Problems after last update (with CentOS 5.6)

5 posts / 0 new
Last post
#1 Tue, 04/12/2011 - 09:20
Blueforce

Problems after last update (with CentOS 5.6)

Hi,

After running yum update yesterday witch also updated CentOS 5.5 to 5.6 i get a error in the log files referring to our raid controller, 3ware Inc 9650SE (Model: 9650SE-2LP DISK) - It reports disk/raid failure!

kernel: 3w-9xxx: scsi0: WARNING: (0x06:0x0037): Character ioctl (0x108) timed out, resetting card.

kernel: sd 0:0:0:0: WARNING: (0x06:0x002C): Command (0x2a) timed out, resetting card.

kernel: 3w-9xxx: scsi0: AEN: INFO (0x04:0x005E): Cache synchronization completed:unit=0.

kernel: 3w-9xxx: scsi0: AEN: INFO (0x04:0x000B): Rebuild started:unit=0.

kernel: 3w-9xxx: scsi0: AEN: ERROR (0x04:0x0009): Drive timeout detected:port=0.

kernel: 3w-9xxx: scsi0: AEN: ERROR (0x04:0x0002): Degraded unit:unit=0, port=0.

kernel: 3w-9xxx: scsi0: AEN: ERROR (0x04:0x0009): Drive timeout detected:port=0.

And the "SMART Drive Status" page in Webmin doesn’t pick up any status anymore, it just returns, "No IDE or SCSI drives were found on your system." Before I could see info about the raid array and also about the disks in the array.

The box is (now) running CentOS 5.6 (Linux 2.6.18-238.5.1.el5 on x86_64), Webmin 1.540 and Virtualmin 3.84 Pro

If you have any suggestion or thoughts about this, please let me know.
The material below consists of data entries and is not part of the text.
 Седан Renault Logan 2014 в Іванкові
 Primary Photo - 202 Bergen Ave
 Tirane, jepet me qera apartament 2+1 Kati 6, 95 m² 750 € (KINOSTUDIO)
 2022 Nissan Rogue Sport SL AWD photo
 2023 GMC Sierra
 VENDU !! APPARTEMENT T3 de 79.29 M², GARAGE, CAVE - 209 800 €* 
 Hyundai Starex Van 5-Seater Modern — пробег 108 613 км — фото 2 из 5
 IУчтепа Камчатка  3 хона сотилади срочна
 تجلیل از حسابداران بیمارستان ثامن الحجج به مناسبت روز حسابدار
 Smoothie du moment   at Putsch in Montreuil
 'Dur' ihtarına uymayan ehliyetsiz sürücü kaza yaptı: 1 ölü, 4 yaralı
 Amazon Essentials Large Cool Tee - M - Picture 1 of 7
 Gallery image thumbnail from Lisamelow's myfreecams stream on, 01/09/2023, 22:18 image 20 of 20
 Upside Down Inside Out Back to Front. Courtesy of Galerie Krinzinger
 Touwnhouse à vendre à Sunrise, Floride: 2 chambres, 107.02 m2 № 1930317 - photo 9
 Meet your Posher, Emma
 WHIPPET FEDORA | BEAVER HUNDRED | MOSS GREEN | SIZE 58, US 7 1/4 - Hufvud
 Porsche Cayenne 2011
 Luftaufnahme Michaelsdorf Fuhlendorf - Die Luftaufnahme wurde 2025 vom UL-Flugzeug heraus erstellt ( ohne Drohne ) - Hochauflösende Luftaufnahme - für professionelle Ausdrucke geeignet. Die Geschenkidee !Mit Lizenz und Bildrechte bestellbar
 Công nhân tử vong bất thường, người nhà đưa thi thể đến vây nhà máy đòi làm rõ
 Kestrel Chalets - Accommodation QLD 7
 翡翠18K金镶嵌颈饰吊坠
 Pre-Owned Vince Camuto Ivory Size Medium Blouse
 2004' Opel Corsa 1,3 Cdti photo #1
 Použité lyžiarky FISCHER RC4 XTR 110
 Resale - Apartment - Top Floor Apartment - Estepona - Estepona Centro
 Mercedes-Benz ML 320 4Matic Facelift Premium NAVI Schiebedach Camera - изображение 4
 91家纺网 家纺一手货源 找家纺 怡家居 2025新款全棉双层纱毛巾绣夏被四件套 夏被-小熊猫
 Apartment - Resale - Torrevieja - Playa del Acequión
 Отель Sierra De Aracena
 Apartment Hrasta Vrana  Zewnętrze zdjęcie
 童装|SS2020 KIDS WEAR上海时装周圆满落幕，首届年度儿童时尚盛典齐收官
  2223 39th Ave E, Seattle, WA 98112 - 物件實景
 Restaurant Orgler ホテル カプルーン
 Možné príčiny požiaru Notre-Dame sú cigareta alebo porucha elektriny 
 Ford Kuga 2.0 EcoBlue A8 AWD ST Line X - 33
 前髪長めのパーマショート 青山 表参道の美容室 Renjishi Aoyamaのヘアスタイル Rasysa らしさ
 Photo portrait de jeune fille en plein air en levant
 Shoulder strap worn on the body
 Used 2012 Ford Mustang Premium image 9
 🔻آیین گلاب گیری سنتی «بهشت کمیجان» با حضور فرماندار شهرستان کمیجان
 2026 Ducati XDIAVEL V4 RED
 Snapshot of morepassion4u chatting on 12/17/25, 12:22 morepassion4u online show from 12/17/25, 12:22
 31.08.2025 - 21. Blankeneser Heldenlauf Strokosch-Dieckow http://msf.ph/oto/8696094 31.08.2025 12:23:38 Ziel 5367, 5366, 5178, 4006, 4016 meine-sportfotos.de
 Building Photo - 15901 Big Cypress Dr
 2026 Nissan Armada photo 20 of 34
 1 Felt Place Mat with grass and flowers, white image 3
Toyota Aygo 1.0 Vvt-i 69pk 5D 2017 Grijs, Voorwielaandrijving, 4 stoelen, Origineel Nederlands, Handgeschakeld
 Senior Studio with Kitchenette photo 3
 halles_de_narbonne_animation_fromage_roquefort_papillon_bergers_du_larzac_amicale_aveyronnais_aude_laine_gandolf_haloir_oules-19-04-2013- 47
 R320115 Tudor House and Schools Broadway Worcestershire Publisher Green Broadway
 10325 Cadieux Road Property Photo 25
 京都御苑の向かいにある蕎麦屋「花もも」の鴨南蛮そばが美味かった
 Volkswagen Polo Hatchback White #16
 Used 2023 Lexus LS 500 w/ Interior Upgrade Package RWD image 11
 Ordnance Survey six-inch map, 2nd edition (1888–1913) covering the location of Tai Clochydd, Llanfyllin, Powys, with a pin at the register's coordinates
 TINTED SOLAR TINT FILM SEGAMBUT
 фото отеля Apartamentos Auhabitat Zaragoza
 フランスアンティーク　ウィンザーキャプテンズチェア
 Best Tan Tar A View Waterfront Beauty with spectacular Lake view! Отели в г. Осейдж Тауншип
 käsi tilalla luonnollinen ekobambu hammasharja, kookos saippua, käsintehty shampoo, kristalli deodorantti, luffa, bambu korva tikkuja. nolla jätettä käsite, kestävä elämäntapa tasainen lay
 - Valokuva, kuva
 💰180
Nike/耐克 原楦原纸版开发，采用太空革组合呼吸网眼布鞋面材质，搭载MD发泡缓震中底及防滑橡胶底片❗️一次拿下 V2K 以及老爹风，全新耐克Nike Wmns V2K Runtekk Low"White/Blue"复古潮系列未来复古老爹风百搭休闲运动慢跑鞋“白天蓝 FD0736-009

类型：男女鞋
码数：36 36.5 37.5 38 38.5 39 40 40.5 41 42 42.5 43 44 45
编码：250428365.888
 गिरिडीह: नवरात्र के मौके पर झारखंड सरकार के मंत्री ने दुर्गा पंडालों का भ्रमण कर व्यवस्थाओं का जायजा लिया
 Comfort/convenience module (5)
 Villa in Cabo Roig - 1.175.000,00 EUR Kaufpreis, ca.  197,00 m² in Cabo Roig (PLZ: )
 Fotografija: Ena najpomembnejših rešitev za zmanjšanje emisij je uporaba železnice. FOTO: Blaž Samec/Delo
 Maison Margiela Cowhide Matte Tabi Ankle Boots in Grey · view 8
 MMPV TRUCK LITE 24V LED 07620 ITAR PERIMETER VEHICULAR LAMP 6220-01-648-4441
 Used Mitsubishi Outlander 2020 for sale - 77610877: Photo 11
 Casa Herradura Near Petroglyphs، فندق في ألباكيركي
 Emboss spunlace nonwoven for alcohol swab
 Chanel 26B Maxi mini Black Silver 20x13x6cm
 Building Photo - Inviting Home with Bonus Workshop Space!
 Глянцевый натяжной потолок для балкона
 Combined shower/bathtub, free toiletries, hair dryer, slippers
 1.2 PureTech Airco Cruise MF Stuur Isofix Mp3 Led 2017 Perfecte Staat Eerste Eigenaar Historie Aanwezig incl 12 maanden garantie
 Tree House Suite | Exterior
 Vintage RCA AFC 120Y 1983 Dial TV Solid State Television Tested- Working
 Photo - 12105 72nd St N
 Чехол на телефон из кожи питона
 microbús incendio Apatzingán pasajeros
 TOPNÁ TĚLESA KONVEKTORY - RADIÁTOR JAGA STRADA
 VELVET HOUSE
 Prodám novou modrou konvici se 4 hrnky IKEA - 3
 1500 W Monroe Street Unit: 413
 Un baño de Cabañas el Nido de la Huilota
Thanks!

Best regards, Leffe (Blueforce)

Tue, 04/12/2011 - 11:30
andreychek

I'm not sure why Webmin isn't seeing the status, but the issue with your RAID setup is definitely troubling :-)

It look like one of the drives in your RAID may have failed.

I suspect that particular problem isn't related specifically to the CentOS update... it's probably moreso that the update taxed the disks. If one of them was getting ready to go, performing the update may have pushed it over the edge.

The job of the RAID controller is to hide the individual disks from the OS, so you may not be able to use the SMART tools on one specific disk so long as it's plugged into the RAID controller.

You may need to pull that one disk from the controller, and likely just replace it. You could certainly test it with the SMART tools after pulling it, but errors like the above aren't good :-)

-Eric

Tue, 04/12/2011 - 11:44
ronald
ronald's picture

you may have seen this thread already, just in case, here is a similar issue ..
http://us.generation-nt.com/answer/3w-9xxx-scsi0-warning-0x06-0x0037-cha...

Tue, 04/12/2011 - 12:10 (Reply to #3)
Blueforce

Hi Ronald,

Thanks for your feedback!

I can run "smartctl" from the command-line and get the disk status, and it reports this for the drives:

DISK 0

SMART overall-health self-assessment test result: PASSED

Error 2 occurred at disk power-on lifetime: 6255 hours (260 days + 15 hours)

DISK 1

SMART overall-health self-assessment test result: PASSED

No Errors Logged

And I almost shure I could get both the array status and disk status from the "SMART Drive Status" page before.

The box is only 9 moth old and the disks have been running fine all the time without any errors. And yes a disk can fail at any time, but the strange thing is that the SMART gives both drives PASSED! And why can't i no longer use the "SMART Drive Status" page??

I will read the thread you posted - Thanks!

Best regards, Leffe

Tue, 04/12/2011 - 17:01 (Reply to #4)
Blueforce

Jamie did solve our issue with SMART Drive Status not returning any information.

The SMART Drive Status need the tw_cli to be installed. I installed it and now the SMART Drive Status is working again.

/Leif

Topic locked